See GitHub Repository.


Process

  • Extract data from a publicly maintained Google Sheet.
  • Clean & Transform tournament results, matchups, and deck information.
  • Load structured data into a PostgreSQL database.
  • Deploy a public REST API for querying match results and event information.

The ETL code is stored as a Python script and scheduled to run weekly using cron on an EC2 instance.
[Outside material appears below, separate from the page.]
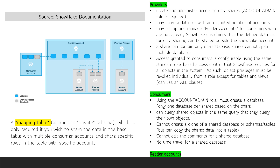The account admin role must be used to create and administer access to data shares, which includes setting up and managing reader accounts. The data set can be shared with an unlimited number of accounts, but a share can contain only one database.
The script pulls data from a public Google Sheet, cleans and transforms it, and then loads it into a PostgreSQL database hosted on Amazon RDS.


Data Source

MTGO Vintage Metagame Data: Public Google Sheet with community-collated tournament results, matchups, and deck archetypes.


Architecture

This project is deployed in AWS using an EC2 instance and Amazon RDS (PostgreSQL) database.

Architecture

Architecture Diagram


Database Schema

The data is loaded and stored in a PostgreSQL database with the following tables:

Table Name Description
EVENTS Captures individual tournament events.
EVENT_REJECTIONS Tracks rejected events and reason text.
MATCHES Stores match results, player deck IDs, and outcomes.
MATCH_REJECTIONS Tracks rejected matches and reason text.
VALID_DECKS Classification table storing valid deck archetypes.
VALID_EVENT_TYPES Classification table containing valid event type names.
LOAD_REPORTS Logs ETL process execution details.
API_LOGGING_STATS Logs API endpoint usage statistics.

See Data Dictionary for feature definitions.

ERD

Entity-Relationship Diagram (ERD)


API Development

A REST API was developed using Flask and deployed using an EC2 instance, which is configured to serve requests through Nginx and Gunicorn. The API provides HTTP endpoints for querying processed match results and event data.

See API Documentation for API Endpoint usage instructions.